Dans le cadre de notre stratégie de promotion des compétences nationales à travers la nouvelle rubrique « Success story » que nous avons inauguré par une interview de Monsieur Mohamed Mehdi Khemiri PDG de TOPNET, nous avons rencontré Monsieur Hassen Zargouni, Président directeur Général de Sigma Conseil qui nous a livré de précieuses informations sur l’état actuel de ce secteur ainsi que sur les raisons du succès de son entreprise. Monsieur Hassen Zargouni est dirigeant de Sigma conseil, une entreprise fondée en 1998 et qui se positionne aujourd’hui comme leader dans le domaine de la recherche économique statistique et de marché non seulement en Tunisie mais aussi au Maroc, en Algérie et en Libye. Dans cette interview Monsieur Hassen Zargouni nous a dévoilé son parcours professionnel exemplaire et son engagement citoyen dans la vie associative et son militantisme en faveur d’une méritocratie qui constitue la seule voie pour le succès et l’excellence

1-Pouvez-vous nous présenter SIGMA Conseil dont vous êtes le Directeur Général ?

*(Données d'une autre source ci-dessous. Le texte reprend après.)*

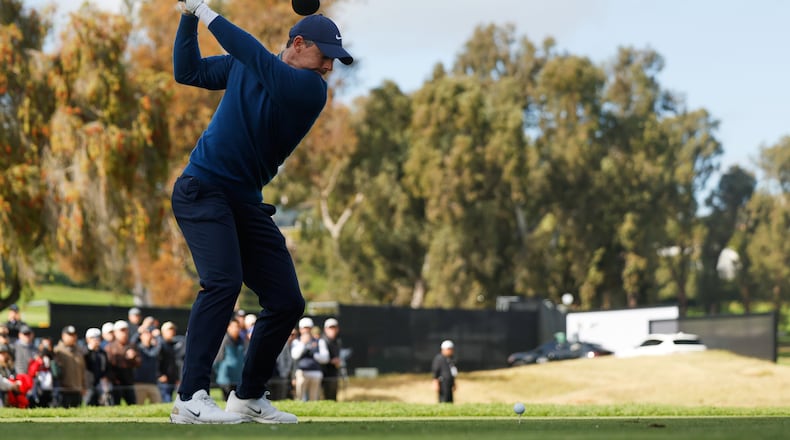 Rory McIlroy, from Northern Ireland, hits from the ninth tee during the first round of the Genesis Invitational golf tournament at Riviera Country Club, Thursday, Feb. 19, 2026, in the Pacific Palisades area of Los Angeles. (AP Photo/Caroline Brehman )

Sigma conseil est un bureau d’étude basé sur la recherche par sondage et la recherche dans le domaine économique statistique et de marché, basée sur les enquêtes par sondages et notamment sur les études qualitatives. Sigma conseil a plusieurs métiers classiques qui sont le Marketing research (études marketing), l’advertising research (études publicitaires), les études médias, c'est-à-dire les comportements d’audiences, les études sur les médias, de masse et notamment toutes les études liées à la relation client. Sigma réalise par ailleurs, des études sectorielles, des études stratégiques, plutôt macro-économiques. Sigma est fondée en 1998. Nous fêtons cette année ses dix ans de création. Nous l’avons fondée à l’origine pour combler le déficit d’information élémentaire statistique que nous avons transformé en métiers, où toutes les palettes, de la collecte d’information sur les terrains, au traitement de l’information, à l’analyse et la restitution des conclusions et des recommandations qui ont été intégré et c’est ce qui fait notre fonds de commerce . Aujourd’hui sigma conseil s’est établit dans l’ensemble des pays du Maghreb où le Marketing est dynamique à savoir le Maroc, Libye dans lesquels nous sommes représentés respectivement par deux bureaux de liaison et en Algérie par une filiale. En Tunisie, nous avons le siège où toutes les opérations de back office sont réalisées et notamment tout ce qui est IT, traitement data processing et traitement data analysis. Sigma renferme aujourd’hui 52 personnes dont 36 cadres recrutés des meilleurs écoles d’ingénieurs statisticiens et de commerce.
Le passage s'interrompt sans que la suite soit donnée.